A nation’s economic growth and social wellbeing are indicated by urbanisation and housing. India’s urban population is likely to reach 60 crore by 2031 up from 37.7 crore today (source: The Economic Times). However, the housing has not grown at the same pace. 96% of housing shortage is accounted for by the economically weaker sections (EWS) and lower income groups (LIGs).
To fill this growing gap, the government of India has announced an ambitious plan- ‘Housing for All by 2020’. A number of initiatives have been taken to make this a reality. A subsidised interest rate of 4% has been facilitated on housing loans up to INR 9 lakh and rebate stands at 3% on loans up to INR 12 lakh. Infrastructure status has been granted to affordable housing. The developers can avail more economical sources of funding, including external commercial borrowings. Developers will also get a year’s time to pay tax on notional rental income on completed but unsold projects. The tenure for long term capital gains has been reduced to two years from the current three years. The promoters will get an extended time period of up to five years as against the earlier three years for completion of projects.

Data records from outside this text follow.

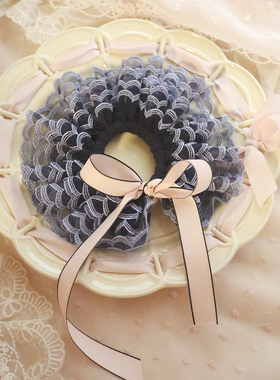 S17蓝色蕾丝蝴蝶结芭蕾风大肠发圈可爱手工蝴蝶结发圈头饰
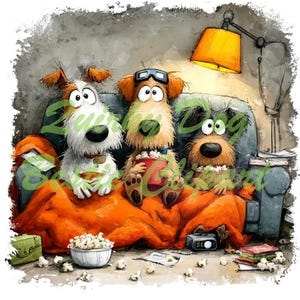 May include: Watercolor illustration of three cartoon dogs on a couch, watching a movie. The dogs are covered with an orange blanket and eating popcorn. A yellow lamp illuminates the scene, with popcorn scattered on the floor.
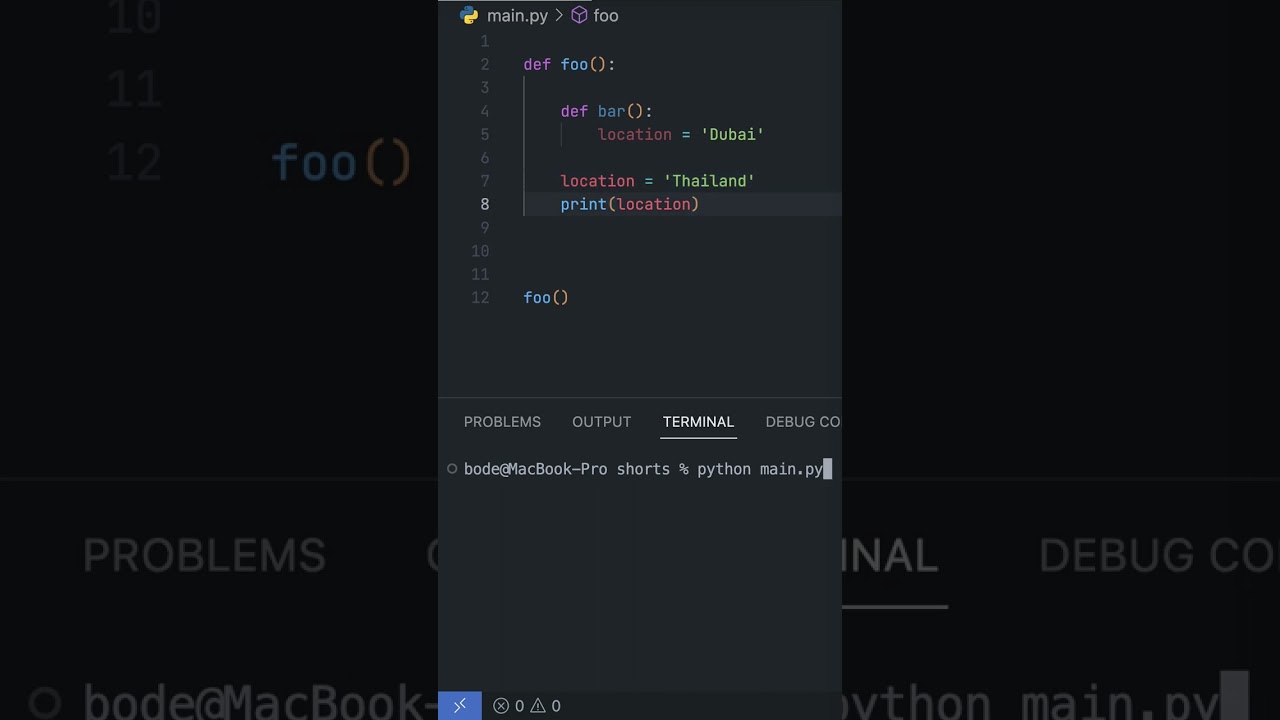 Understand python's nonlocal namspace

In addition to this, the leading housing finance companied (HFCs) are now offering tailor-made affordable housing schemes at 8.5-9%. A higher loan-to-value ratio is being offered to borrowers. Up to 85% can be availed for housing units that are ready or nearing completion. Individuals such as professionals and businessmen find it difficult to get credit from traditional lenders and thus, the products offered by HFCs are more accessible and appealing.
All things considered, the target of housing for all be 2022 seems like an achievable target.